Bugün hala top oynayabiliyorsam, spora olan tutkum ilk günkü gibi taptazeyse, hayata umutla bakabiliyorsam bunları sağlık emekçilerine borçluyum. 17 Ağustos 1999 depreminde gözümün önünde ölümüne şahit olduğum bir yaralıyı kurtarmak için canhıraş koşturmalarınızı aradan 24 yıl geçse de unutamadım.

GÖNÜLLERİ BİR KEZ DAHA FETHETTİNİZ

6 Şubat depremlerinde, bir canı kurtarmak için cansiperane duruşunuz gönülleri bir kez daha fethetti. Bahtınıza gönüllerin tahtına kurulmak düştü.
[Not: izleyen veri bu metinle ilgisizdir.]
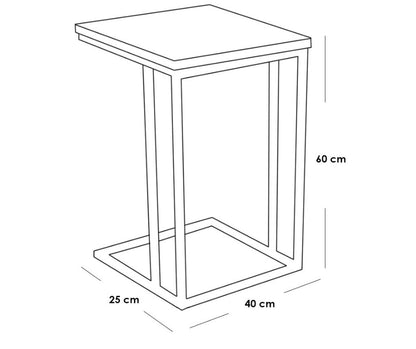 Side Table Black & Brown 40X25/60 Cm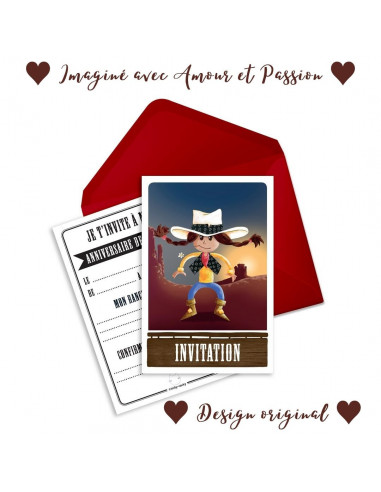 Pack 6 cartes invitations calamity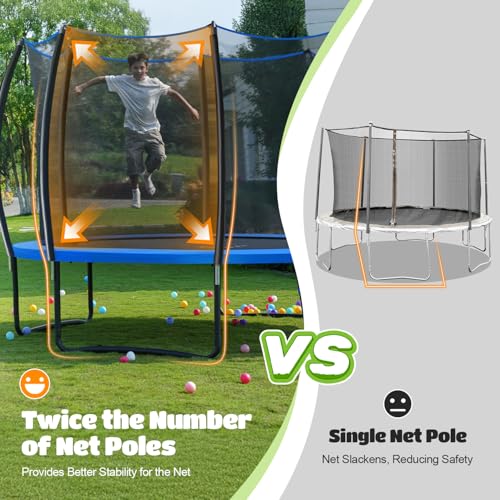 14FT Kids Trampoline with Enclosure, Ladder & Anti-Rust Frame
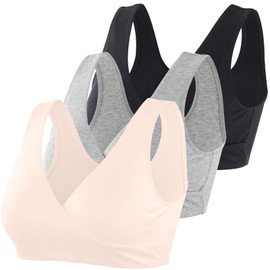 Topwhere Women's Cotton Wireless Sleep Bra for Nursing and Maternity (Black+Grey+ Apricot, XL)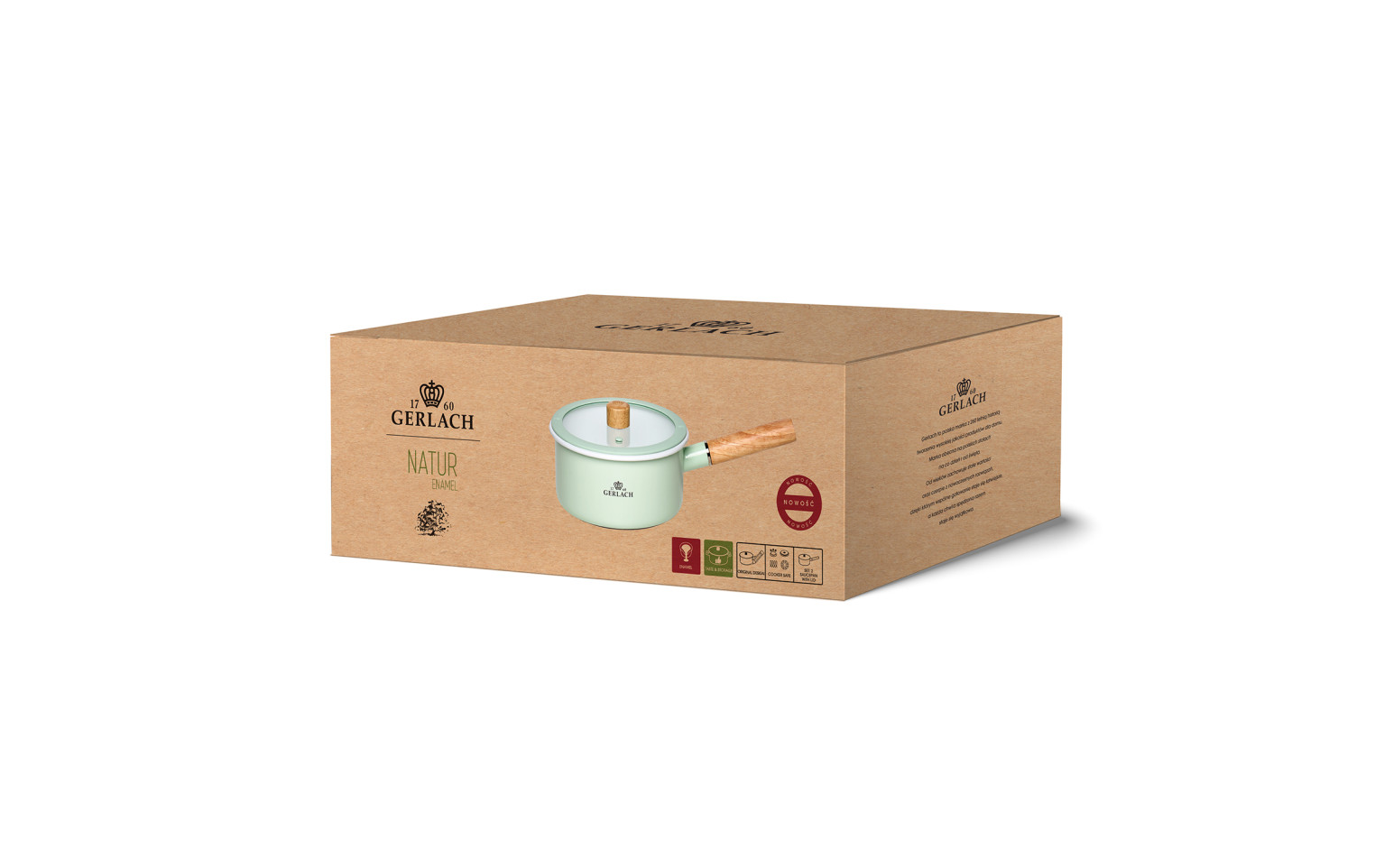 Enamel saucepan NATUR ENAMEL pastel green 18 cm 2 L Enamel saucepan NATUR ENAMEL pastel green 18 cm 2 L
Bedhahlara ise gönül yıkıp iki cihanda bedbaht olmak… Tarih sayısız örnekleriyle dolu…

Sağlığıma kavuşmamda emeği geçen dostlar başta olmak üzere sağlık çalışanlarının değerli emekçileri için seslendirdiğim, Dr. Hüsrev Çetin’in ‘Siz’ adlı nefis şiirinin linki paylaşmak istedim okuyucularımla.

SİZ – Şiir Dr. Hüsrev Çetin – 18.09.2020 İzmir – Seslendiren: Hüseyin Şuekinci

İnsanlık sizlere minnettar… İnsan denilince hatra gelenler en azından… Tüm sağlık emekçilerinin 14 Mart Tıp Bayramı kutlu olsun.